PROBLEM DESCRIPTION: In the entries below, find the line with "Table de salle" and the line with "Switched 5w R50"; copy them and every line between them exactly, but not the pictures.

DATA SECTION:
◆ ◆ ◆ ◆
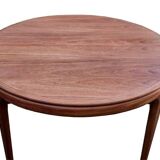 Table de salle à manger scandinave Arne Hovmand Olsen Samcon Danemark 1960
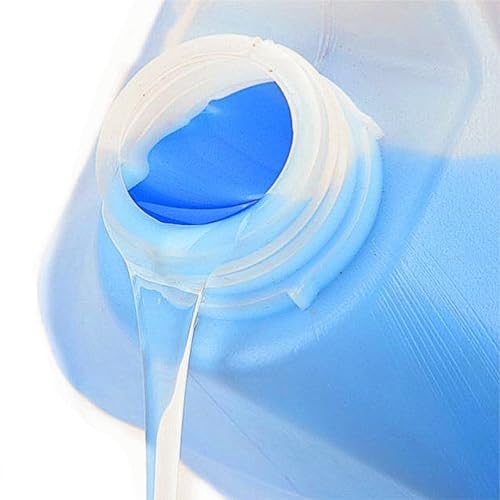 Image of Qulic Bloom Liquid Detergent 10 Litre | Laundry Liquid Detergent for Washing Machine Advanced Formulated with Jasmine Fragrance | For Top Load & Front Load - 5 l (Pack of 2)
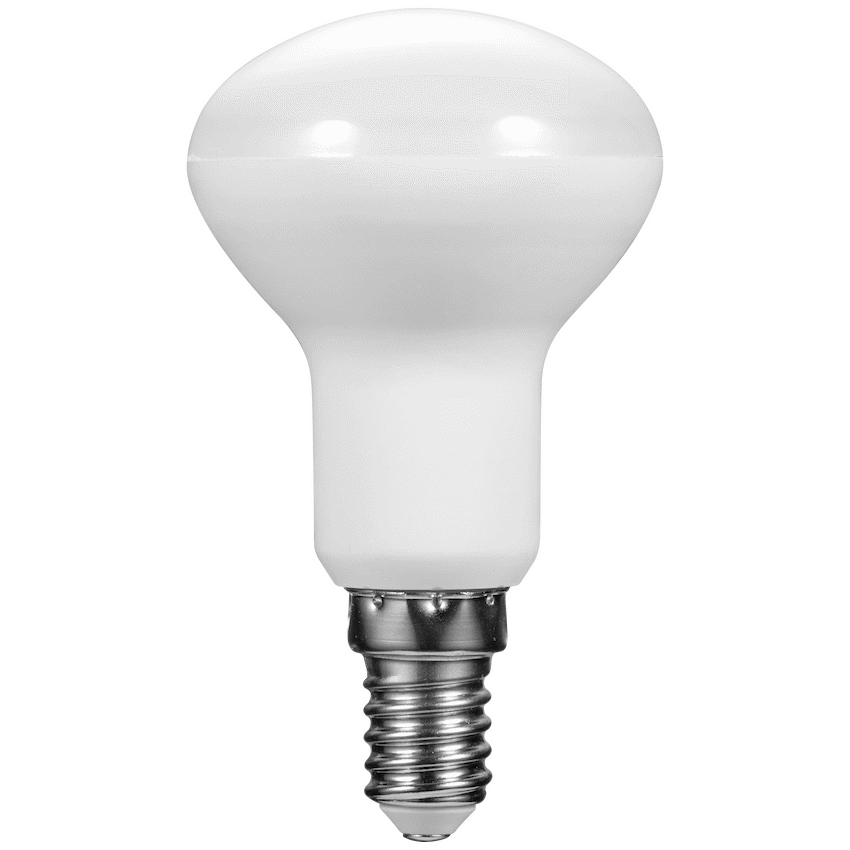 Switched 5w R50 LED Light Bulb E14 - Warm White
◆ ◆ ◆ ◆
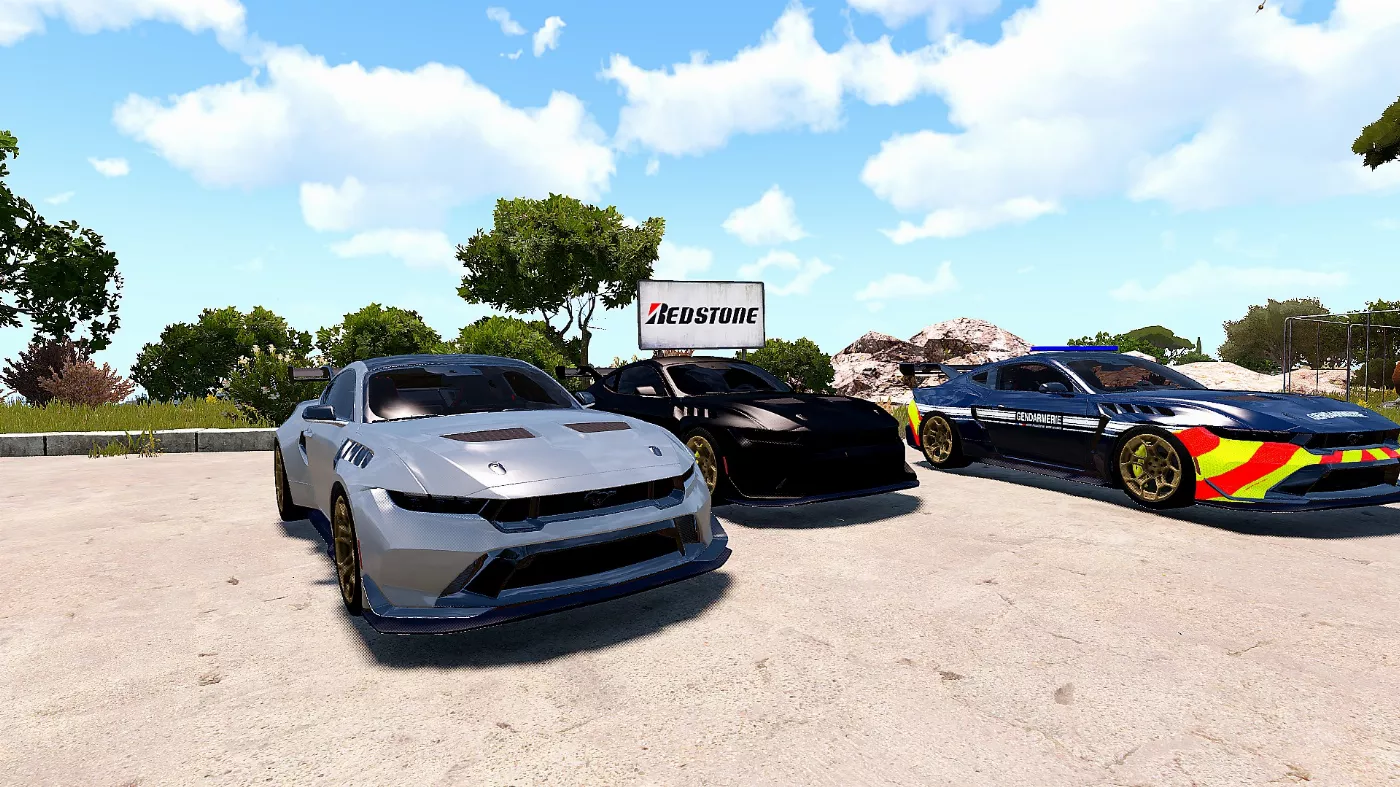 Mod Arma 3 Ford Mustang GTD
◆ ◆ ◆ ◆
RESPONSE BOX:
 Table de salle à manger scandinave Arne Hovmand Olsen Samcon Danemark 1960
 Image of Qulic Bloom Liquid Detergent 10 Litre | Laundry Liquid Detergent for Washing Machine Advanced Formulated with Jasmine Fragrance | For Top Load & Front Load - 5 l (Pack of 2)
 Switched 5w R50 LED Light Bulb E14 - Warm White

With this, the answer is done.